### Work item:
Beginning with the line of the entries below that holds "So, what is" and ending with the line that holds "Hey what's up, Leonidas", transcribe each line exactly as written. Pictures stay out.

### Records for the task:
-- Opening Marker --

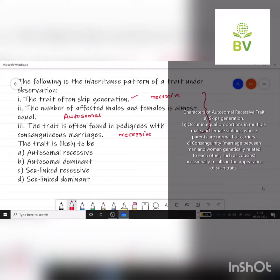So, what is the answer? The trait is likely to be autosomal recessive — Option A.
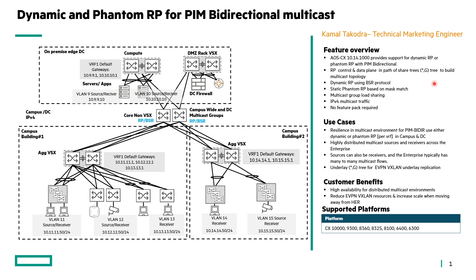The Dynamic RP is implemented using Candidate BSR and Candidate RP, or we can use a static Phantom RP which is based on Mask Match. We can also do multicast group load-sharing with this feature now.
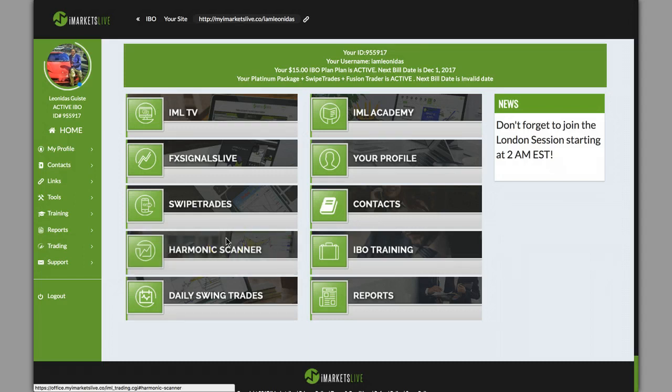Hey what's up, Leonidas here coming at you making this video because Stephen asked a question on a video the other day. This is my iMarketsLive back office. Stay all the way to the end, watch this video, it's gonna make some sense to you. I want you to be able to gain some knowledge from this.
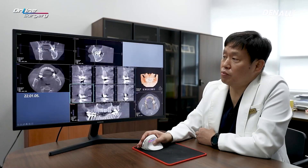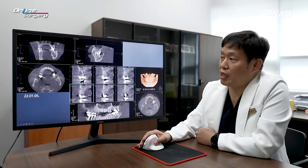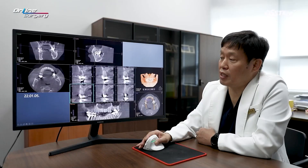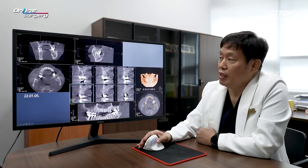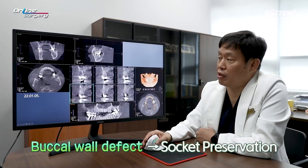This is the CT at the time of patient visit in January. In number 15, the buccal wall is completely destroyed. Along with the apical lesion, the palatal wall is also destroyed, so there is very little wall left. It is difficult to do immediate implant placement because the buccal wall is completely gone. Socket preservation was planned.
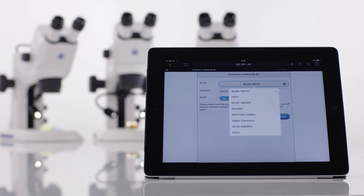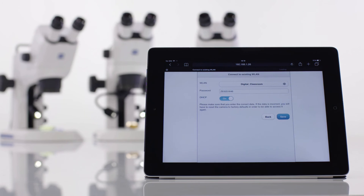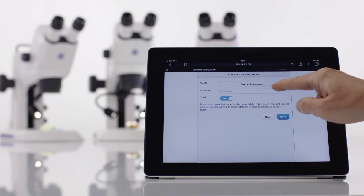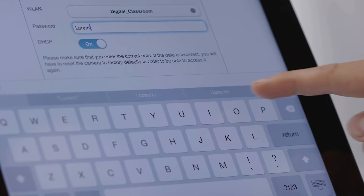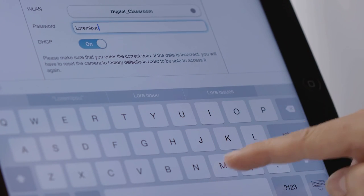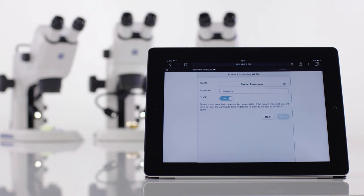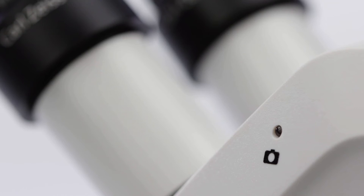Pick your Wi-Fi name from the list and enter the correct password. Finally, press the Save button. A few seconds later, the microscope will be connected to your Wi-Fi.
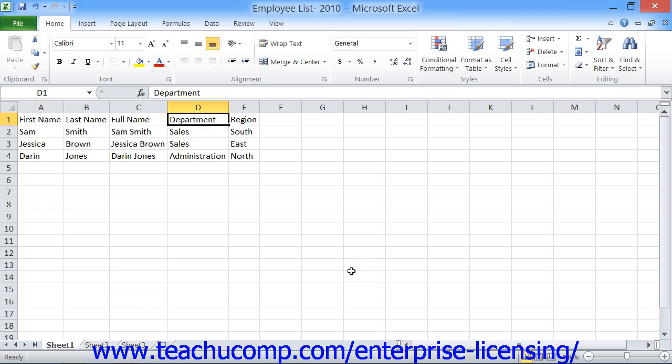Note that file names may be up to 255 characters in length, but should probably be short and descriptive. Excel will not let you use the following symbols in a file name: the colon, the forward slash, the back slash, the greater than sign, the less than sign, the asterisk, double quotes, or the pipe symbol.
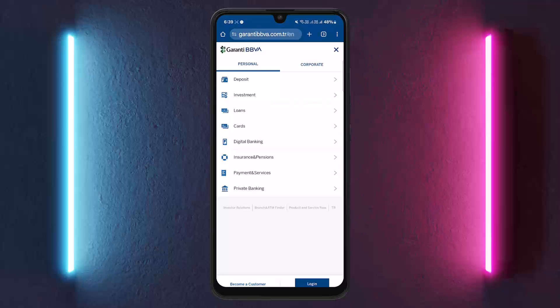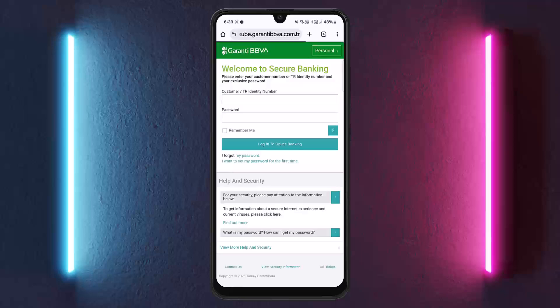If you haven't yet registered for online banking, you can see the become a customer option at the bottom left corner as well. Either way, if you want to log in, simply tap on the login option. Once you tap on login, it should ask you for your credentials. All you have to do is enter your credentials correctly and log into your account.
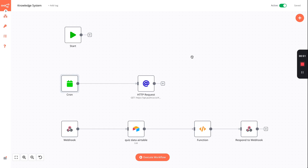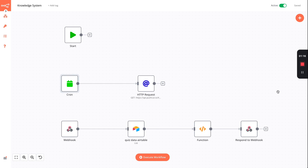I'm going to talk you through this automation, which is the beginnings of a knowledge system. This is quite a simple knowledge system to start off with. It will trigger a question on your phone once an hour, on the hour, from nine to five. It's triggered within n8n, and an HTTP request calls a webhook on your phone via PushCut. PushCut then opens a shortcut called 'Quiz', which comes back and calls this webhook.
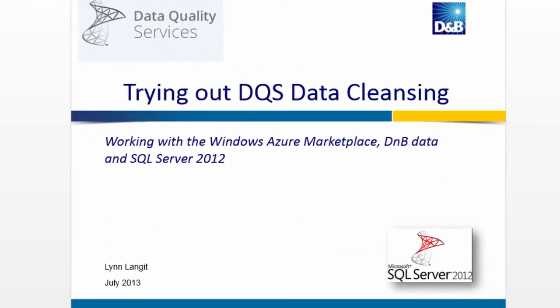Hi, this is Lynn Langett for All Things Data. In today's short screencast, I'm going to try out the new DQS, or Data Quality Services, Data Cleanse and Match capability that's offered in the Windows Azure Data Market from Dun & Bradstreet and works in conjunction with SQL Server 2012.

-- Closing Marker --
-- Opening Marker --

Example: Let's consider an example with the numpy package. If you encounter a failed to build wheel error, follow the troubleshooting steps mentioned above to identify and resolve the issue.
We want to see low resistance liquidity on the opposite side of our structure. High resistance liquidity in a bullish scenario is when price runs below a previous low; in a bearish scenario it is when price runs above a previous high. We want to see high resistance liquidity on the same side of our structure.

-- Closing Marker --

### Response below:
So, what is the answer? The trait is likely to be autosomal recessive — Option A.
The Dynamic RP is implemented using Candidate BSR and Candidate RP, or we can use a static Phantom RP which is based on Mask Match. We can also do multicast group load-sharing with this feature now.
Hey what's up, Leonidas here coming at you making this video because Stephen asked a question on a video the other day. This is my iMarketsLive back office. Stay all the way to the end, watch this video, it's gonna make some sense to you. I want you to be able to gain some knowledge from this.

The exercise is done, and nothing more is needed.